Dolt CI Schema Details
Near the end of 2024 we announced the release of continuous integration (CI) testing on DoltHub. This feature allows you to run automated tests against your DoltHub databases, just like you do for your GitHub repositories. If you'd like to try this out for yourself, check out our docs for an introduction to some general concepts and a guide on getting started.
In an earlier post we outlined our design for adding CI to DoltHub and DoltLab, one modeled largely on GitHub's CI platform, GitHub Actions. Today, we'll be taking a closer look at the technical implementation for adding CI to DoltHub and DoltLab, and we'll do so by starting with CI's implementation in Dolt.
As mentioned in the design blog, we wanted CI configuration for DoltHub and DoltLab to live in and travel with each Dolt database. To do this, we decided to create a set of internal tables used to persist configuration.

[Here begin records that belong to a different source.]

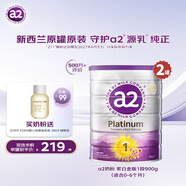 a2奶粉 澳洲紫白金版 1段900g*2罐 +Evereden嬰兒按摩油無(wú)香 30ml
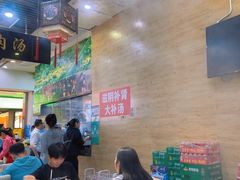 -黑山牛肉汤火锅(花城汇店)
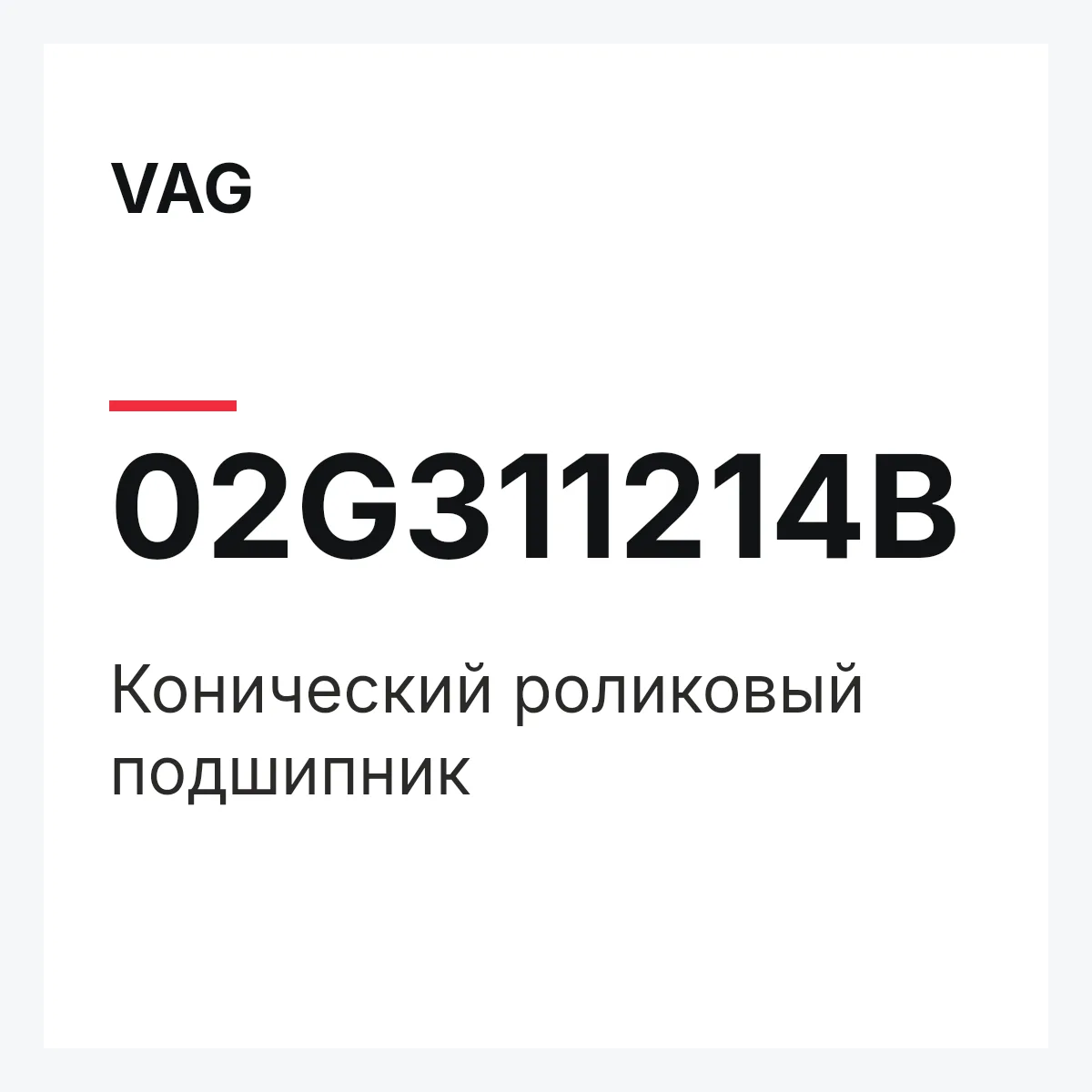 VAG 02G311214B — Конический роликовый подшипник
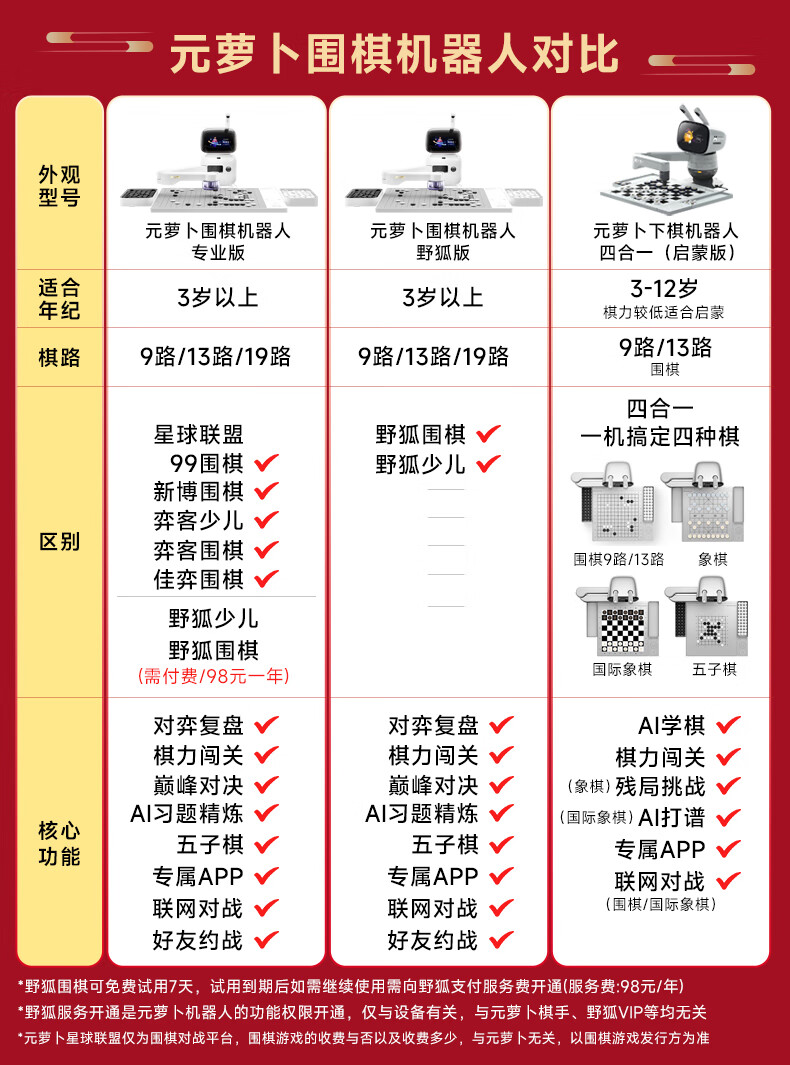 10c5cec358016c76.jpg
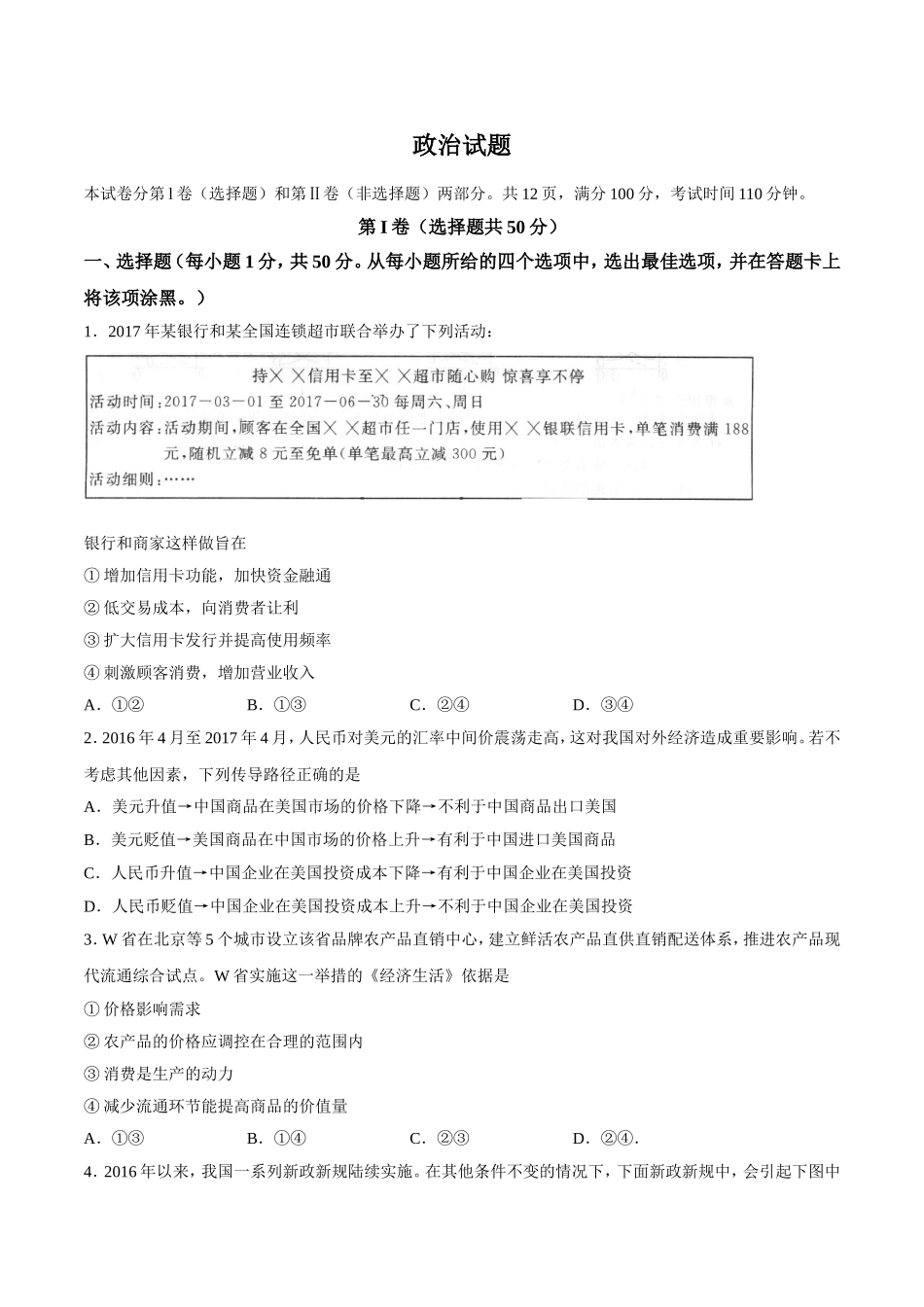 中学届高三上学期一调考试政治试题_第1页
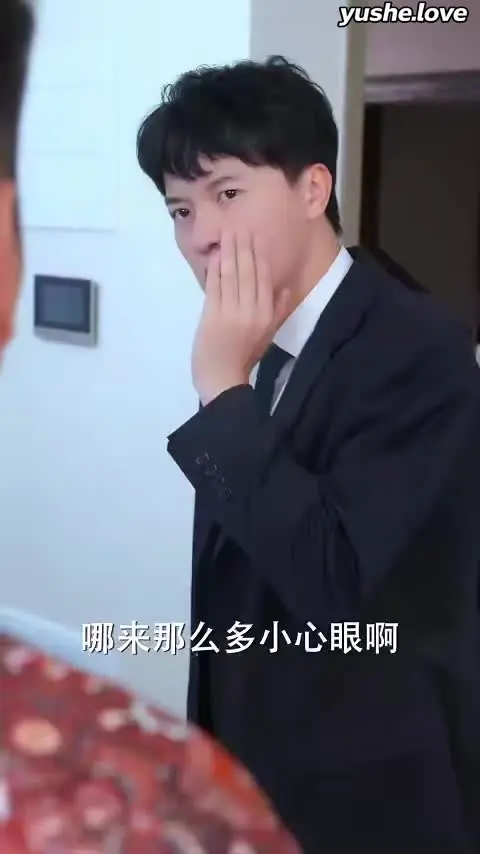 前妻请放手，我们已离婚Part002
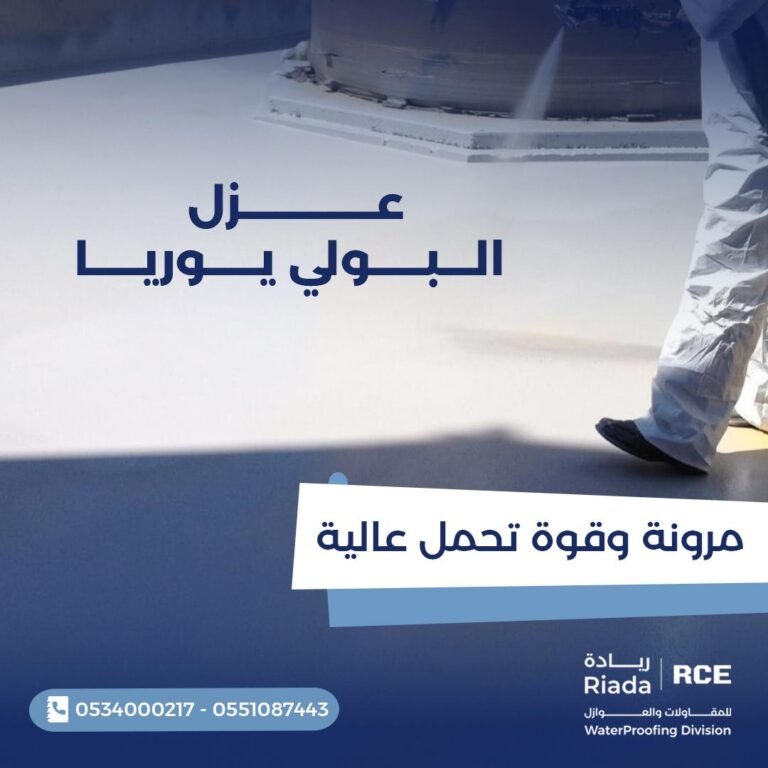 العزل المائي باستخدام نظام البولي يوريا
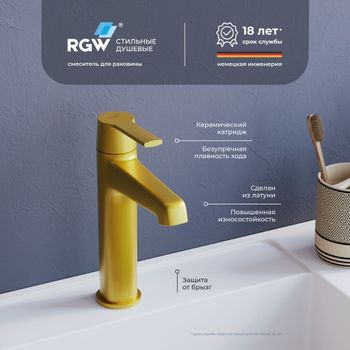 Смеситель на раковину RGW SP-301-G/золото — фото 1, Смесители для раковины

In addition, we wanted a user to be able to supply Dolt with a "workflow" yaml
file to define CI on their database. This of course is modeled on the Workflow yaml
file used on GitHub to configure CI on a repository.
Deciding to model CI on DoltHub in this way, led us to the following schema design for Dolt's internal CI tables.
Schema details
Dolt stores CI configuration in the following internal tables. These are created and committed to a Dolt database when a user runs dolt ci init.
- dolt_ci_workflows
- dolt_ci_workflow_events
- dolt_ci_workflow_event_triggers
- dolt_ci_workflow_event_trigger_branches
- dolt_ci_workflow_jobs
- dolt_ci_workflow_steps
- dolt_ci_workflow_saved_query_steps
- dolt_ci_workflow_saved_query_step_expected_row_column_results
These tables are written to and read by the dolt ci command so that users don't need to manually edit each of these tables when configuring CI. To better understand what each table is used for, let's consider the following sample workflow file.
# sample workflow.yaml
name: "my first workflow"
on:
push:
branches:
- main
pull_request:
branches:
- main
- alt
jobs:
- name: "check schema"
steps:
- name: "ensure two tables exist"
saved_query_name: "check two tables"
expected_rows: "== 2"
expected_columns: "== 1"
dolt_ci_workflows
CREATE TABLE `dolt_ci_workflows` (
`name` varchar(2048) COLLATE utf8mb4_0900_ai_ci NOT NULL,
`created_at` datetime(6) NOT NULL,
`updated_at` datetime(6) NOT NULL,
PRIMARY KEY (`name`)
) ENGINE=InnoDB DEFAULT CHARSET=utf8mb4 COLLATE=utf8mb4_0900_bin;
A Workflow for Dolt and DoltHub is similar to a workflow on GitHub. It's a yaml
file that defines what CI jobs checks or tests should run and when they should run. These files are identified by their top-level name
field, which must be unique among workflows. The dolt_ci_workflows
table stores this name, as well as when it was created and last updated.
dolt_ci_workflow_events
CREATE TABLE `dolt_ci_workflow_events` (
`id` varchar(36) NOT NULL,
`event_type` int NOT NULL,
`workflow_name_fk` varchar(2048) COLLATE utf8mb4_0900_ai_ci NOT NULL,
PRIMARY KEY (`id`),
KEY `workflow_name_fk` (`workflow_name_fk`),
CONSTRAINT `dolt_ci_workflow_events_ibfk_1` FOREIGN KEY (`workflow_name_fk`) REFERENCES `dolt_ci_workflows` (`name`) ON DELETE CASCADE
) ENGINE=InnoDB DEFAULT CHARSET=utf8mb4 COLLATE=utf8mb4_0900_bin;
Events are actions that trigger a workflow to run. These can be things like new data being pushed to DoltHub, or a user opening a pull-request with proposed data changes. Once these actions occur on a database with CI configured, DoltHub will execute the relevant workflow's Jobs.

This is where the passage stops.